*Problem:* In the entries below, find the line with "Luxury PG for Ladies in HBR Layout" and the line with "Arti-Kata-Typing-Bahasa-Gaul-di-Media-Sosial.jpg"; copy them and every line between them exactly, but not the pictures.

*Task material:*
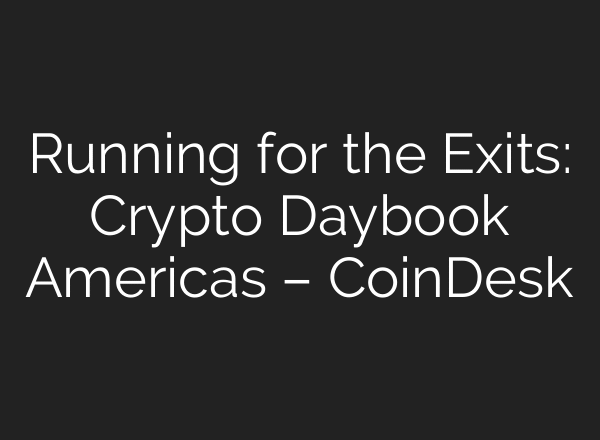 Running for the Exits: Crypto Daybook Americas – CoinDesk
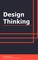 Design Thinking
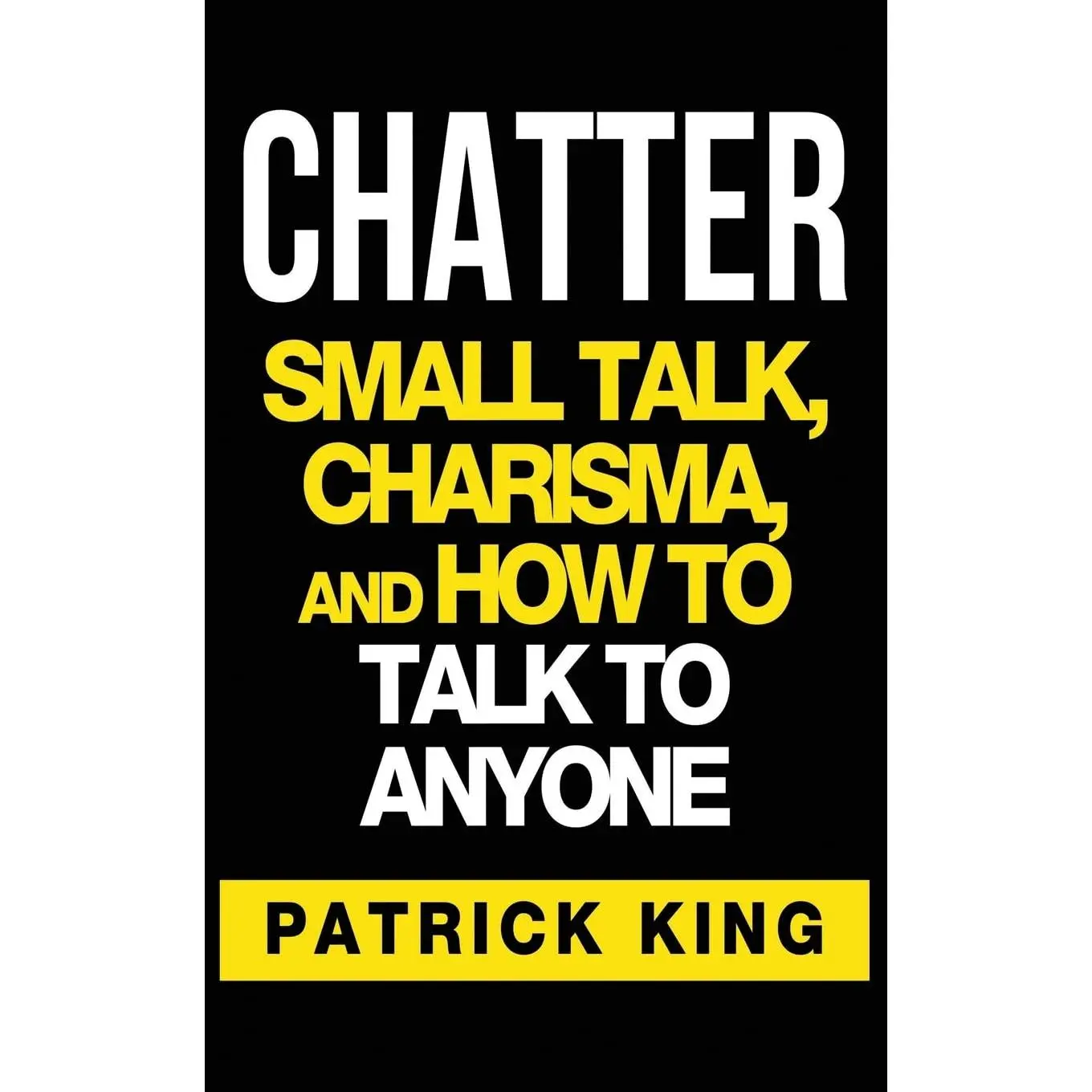 Chatter: Small Talk, Charisma, and How to Talk to Anyone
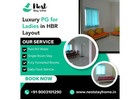 Luxury PG for Ladies in HBR Layout 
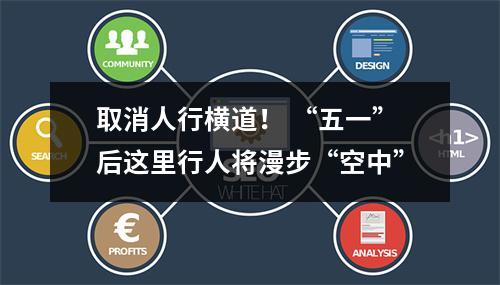 取消人行横道！ “五一”后这里行人将漫步“空中”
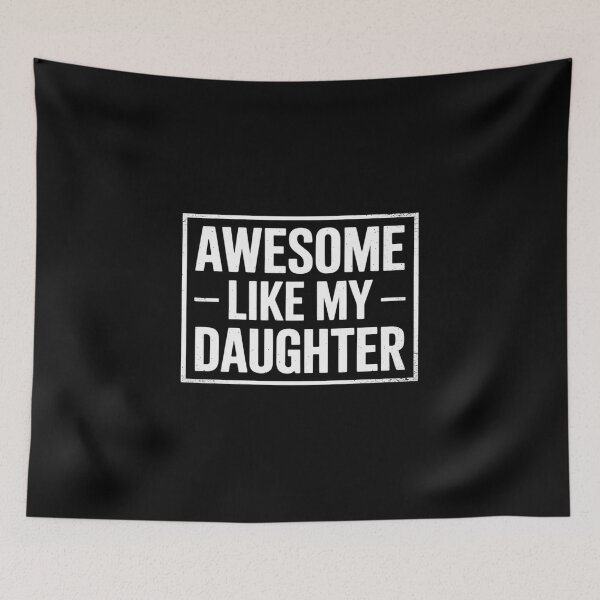 Item preview, Funny Parents' Day Quote, Awesome Like My Daughter, Cool Dad  designed and sold by NailMolisa.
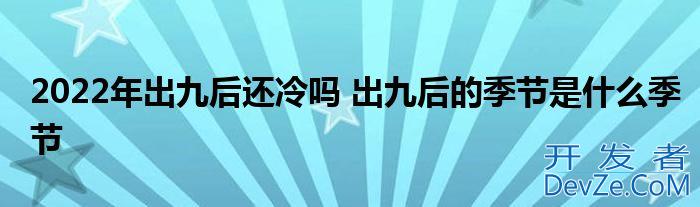 2022年出九后还冷吗 出九后的季节是什么季节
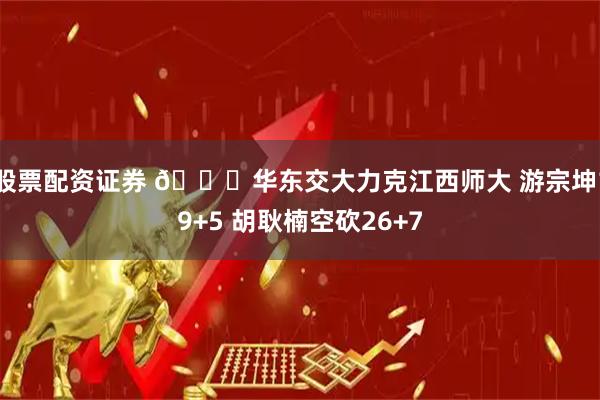 股票配资证券 🏀华东交大力克江西师大 游宗坤19+5 胡耿楠空砍26+7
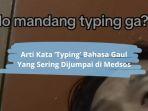 Arti-Kata-Typing-Bahasa-Gaul-di-Media-Sosial.jpg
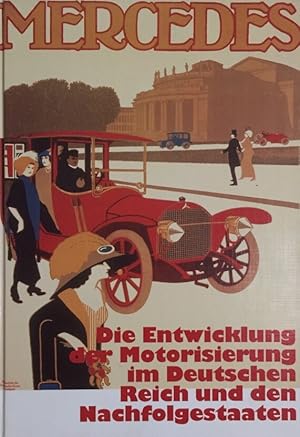 Bild des Verkufers fr Die Entwicklung der Motorisierung im Deutschen Reich und den Nachfolgestaaten. Stuttgarter Tage zur Automobil- und Unternehmensgeschichte. Eine Veranstaltung von Mercedes-Benz-Classic - Das Archiv -. zum Verkauf von Antiquariat J. Hnteler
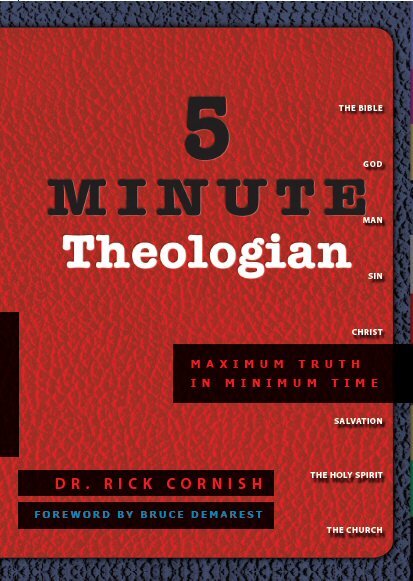 5 Minute Theologian: Maximum Truth in Minimum Time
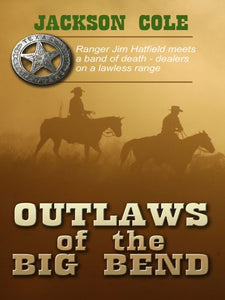 Outlaws of the Big Bend 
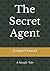 The Secret Agent: A Simple Tale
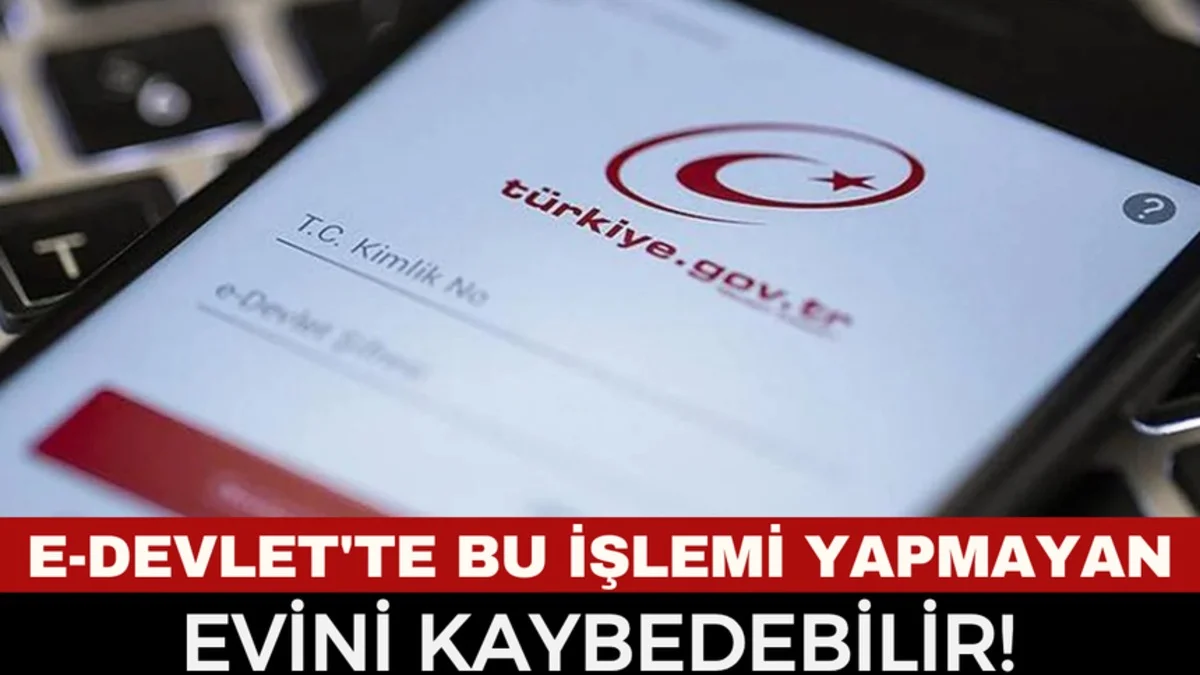 Ev Sahiplerine Uyarı: e-Devlet’te Bu Adımı Atmayanlar Evini Kaybedebilir
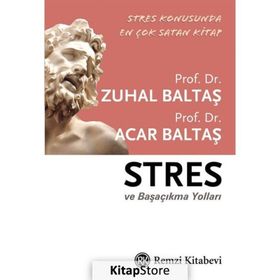 STRES VE BAŞA ÇIKMA YOLLARI - ACAR BALTAŞ; ZUHAL BALTAŞ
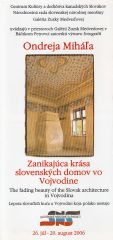 Ondrej Miháľ - Zanikajúca krása slovenských domov vo Vojvodine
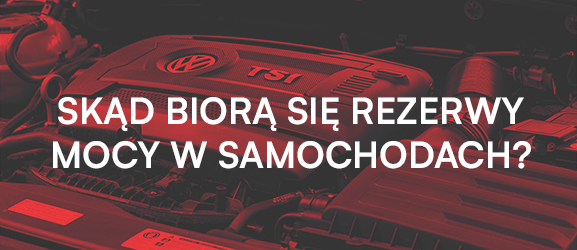 Skąd biorą się rezerwy mocy w samochodach?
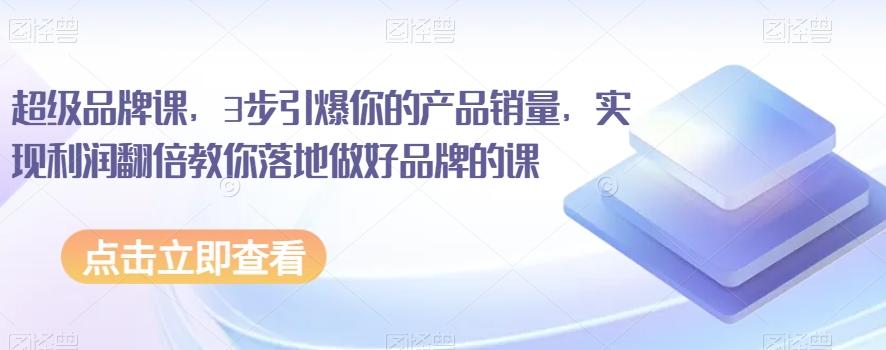 超级品牌课，3步引爆你的产品销量，实现利润翻倍教你落地做好品牌的课-搞钱日记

*Exercise response:*
 Luxury PG for Ladies in HBR Layout 
 取消人行横道！ “五一”后这里行人将漫步“空中”
 Item preview, Funny Parents' Day Quote, Awesome Like My Daughter, Cool Dad  designed and sold by NailMolisa.
 2022年出九后还冷吗 出九后的季节是什么季节
 股票配资证券 🏀华东交大力克江西师大 游宗坤19+5 胡耿楠空砍26+7
 Arti-Kata-Typing-Bahasa-Gaul-di-Media-Sosial.jpg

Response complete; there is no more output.